### What to produce
With the pictures left out, write out the records verbatim.
*** Source data ***
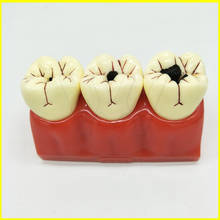 4 vezes dentes da doença da dentadura modelo cárie decomposição cárie modelo de dente para o ensino de comunicação de demonstração médica dental 2024 - compre barato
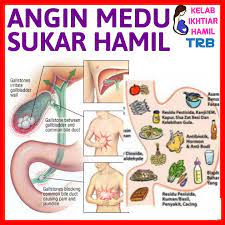 Masalah dengan rahim kehadiran polip dan fibroid di dalam rahim juga merupakan punca utama. Angin Medu Punca Sukar Hamil Kelab Ikhtiar Hamil Facebook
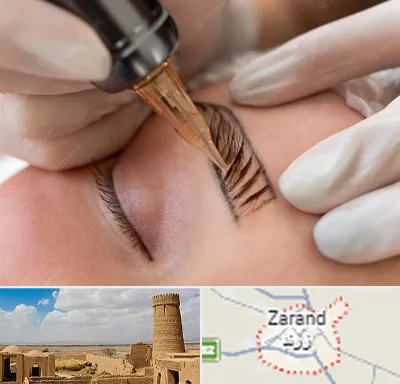 میکروبلیدینگ در زرند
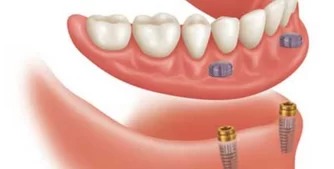 Implant-Based Denture - Dental implants for fixed and powerful denture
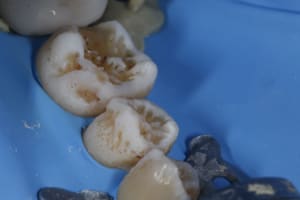 Nnnyv0uo58zyqxvp2bxqdmvyrjc4 - Eugenol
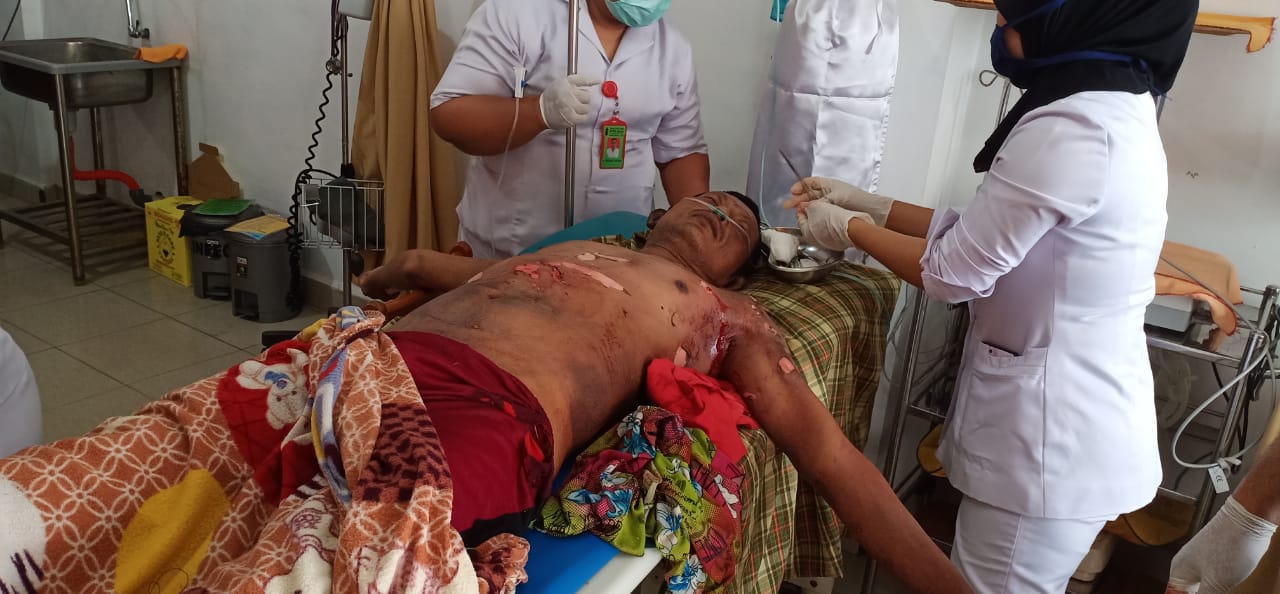 Seorang Ayah Berulangkali Bunuh Diri  Putrinya Menggagalkan Aksi Korban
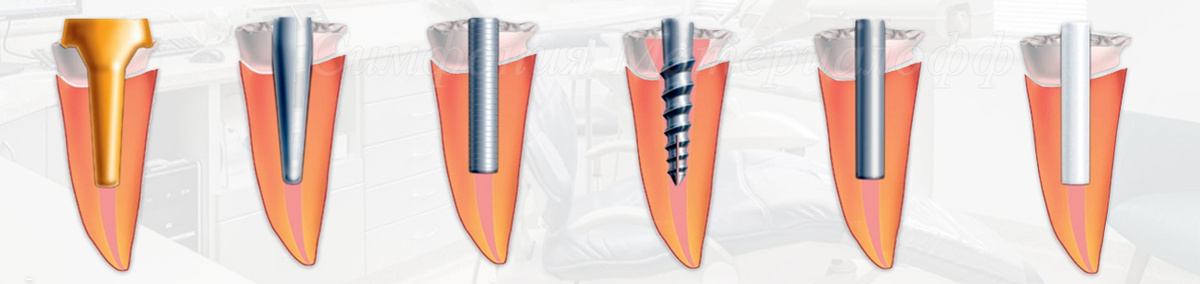 Штифты стоматологические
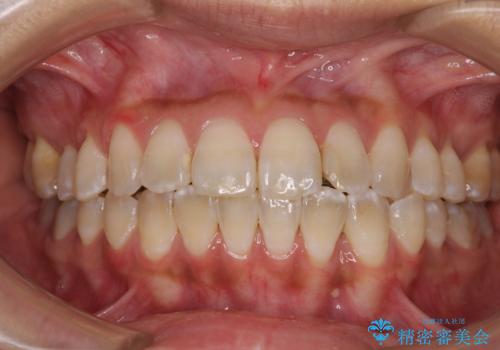 全く目立たないワイヤー矯正 上下裏側矯正の症例 治療後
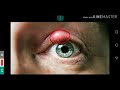 CHALAZION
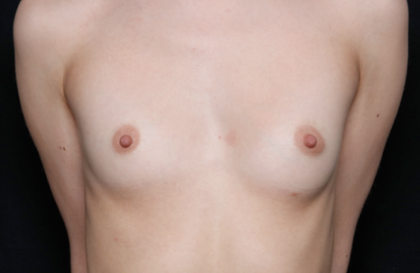 Breast Augmentation - Saline Implants Before & After Patient #31129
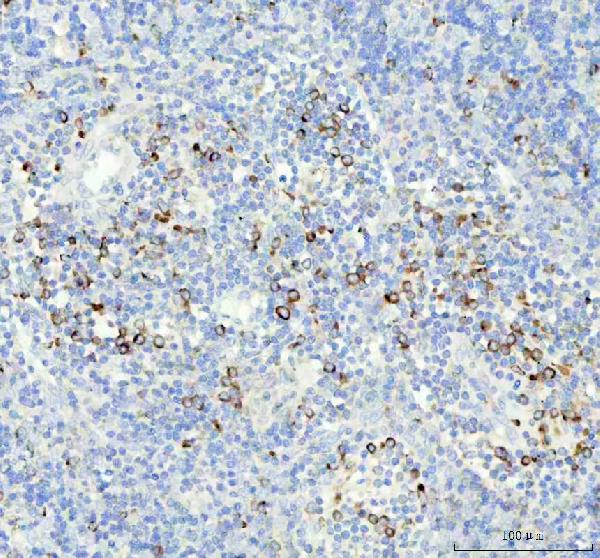 2 - Anti-VAMP8/Endobrevin Rabbit Monoclonal Antibody ABO13734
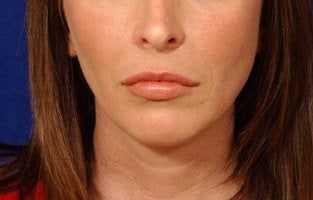 Before and After Lip Augmentation after 66153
*** End of Source data ***
### Your response
 4 vezes dentes da doença da dentadura modelo cárie decomposição cárie modelo de dente para o ensino de comunicação de demonstração médica dental 2024 - compre barato
 Masalah dengan rahim kehadiran polip dan fibroid di dalam rahim juga merupakan punca utama. Angin Medu Punca Sukar Hamil Kelab Ikhtiar Hamil Facebook
 میکروبلیدینگ در زرند
 Implant-Based Denture - Dental implants for fixed and powerful denture
 Nnnyv0uo58zyqxvp2bxqdmvyrjc4 - Eugenol
 Seorang Ayah Berulangkali Bunuh Diri  Putrinya Menggagalkan Aksi Korban
 Штифты стоматологические
 全く目立たないワイヤー矯正 上下裏側矯正の症例 治療後
 CHALAZION
 Breast Augmentation - Saline Implants Before & After Patient #31129
 2 - Anti-VAMP8/Endobrevin Rabbit Monoclonal Antibody ABO13734
 Before and After Lip Augmentation after 66153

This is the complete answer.